To sidestep decision is also a decision - and as the young will find out, the one least likely to be right. The students, for instance, who stay on in graduate school (or who join the Peace Corps) to avoid having to decide, are likely to find, a few years later, that they have indeed made the wrong decision. They are lucky if all they have lost is time.

But the reaction of the young, while futile, again reflects true insight. The society of organizations demands of the individual decisions regarding himself. At first sight, the decision may appear only to concern career and livelihood. "What shall I do?" is the form in which the question is usually asked. But actually it reflects a demand that the individual take responsibility for society and its institutions. "What cause do I want to serve?" is implied. And underlying this question is the demand the individual take responsibility for himself. "What shall I do with myself?" rather than "'What shall I do?" is really being asked of the young by the multitude of choices around them. The society of organizations forces the individual to ask of himself: "Who am I?" "What do I want to be?" "What do I want to put into life and what do I want to get out of it?"
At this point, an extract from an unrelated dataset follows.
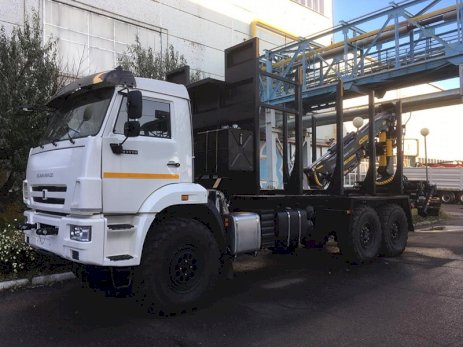 КАМАЗ 43118-3011-50 с КМУ VM10L74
These are existential questions for all that they are couched in secular form and appear as choices between a job in government, in business, or in college teaching. They have not been asked - at least not by Western man - for several centuries. The Protestant Reformation four hundred years ago last posed them as general questions to be answered by everyone. Where medieval Catholicism had given an "automatic" answer of salvation through observance, the Reformation demanded of the individual that he ask himself: "Who do I want to be in order to be saved?"
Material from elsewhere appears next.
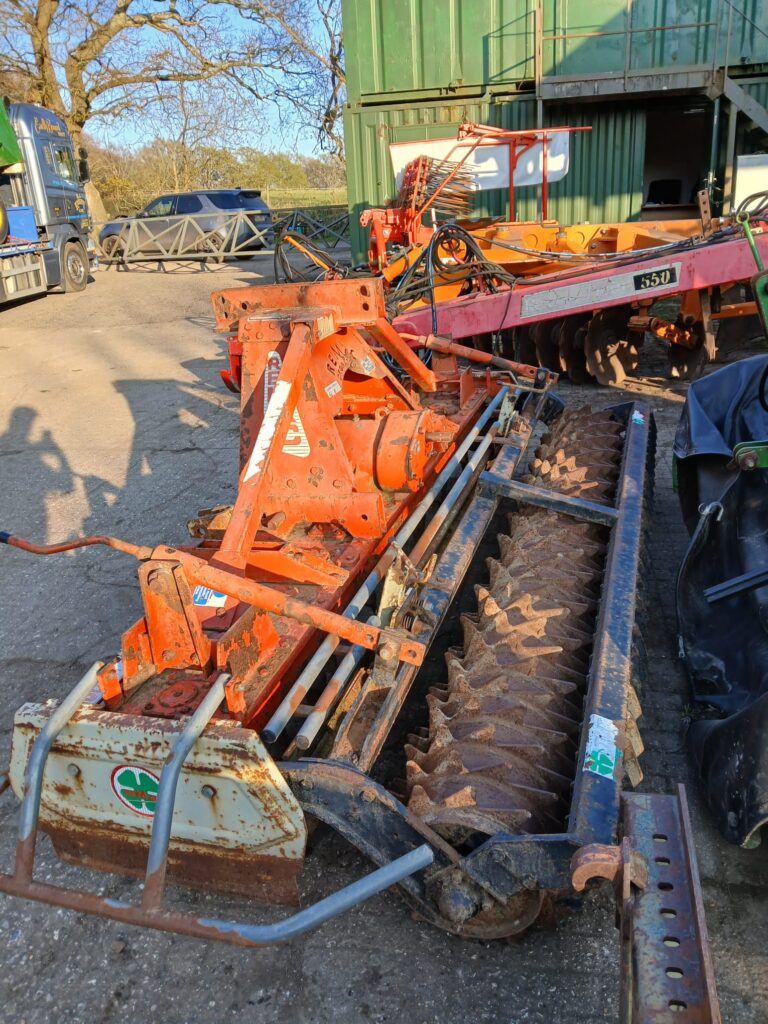 POWER HARROW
Ever since Descartes in the mid-seventeenth century brushed aside man's spiritual existence as irrelevant, the West has concerned itself with what goes on outside of man - nature and society. Of all the major thinkers of the nineteenth century, only Kierkegaard even asked, "How is human existence possible?" To all the others this was a meaningless and unfashionable question. They all asked: "How is society possible?" Rousseau asked it, Hegel asked it, the classical economists asked it. Marx answered it in one way, liberal Protestantism in another. The concern all through the last two centuries of Western history was the society, its rights, its functions, its performance.
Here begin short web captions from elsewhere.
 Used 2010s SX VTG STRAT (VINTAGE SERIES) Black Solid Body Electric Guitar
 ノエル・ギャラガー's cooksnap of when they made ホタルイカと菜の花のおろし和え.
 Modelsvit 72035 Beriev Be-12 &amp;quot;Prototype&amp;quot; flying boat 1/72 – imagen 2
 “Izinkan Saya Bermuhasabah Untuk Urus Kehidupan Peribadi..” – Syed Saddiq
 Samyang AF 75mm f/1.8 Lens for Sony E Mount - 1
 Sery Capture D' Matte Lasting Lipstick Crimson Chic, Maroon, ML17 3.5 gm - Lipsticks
Now for the first time, we are again face to face with the age-old question of individual meaning, individual purpose, and individual freedom. Narcotic drugs and avoidance of soap are not particularly relevant answers. But at least the alienation of the young throughout the world today ensures that the questions will have to be considered. For the society of organizations offers choices, and therefore imposes on the individual the burden of decisions. It demands of him the price of freedom: responsibility.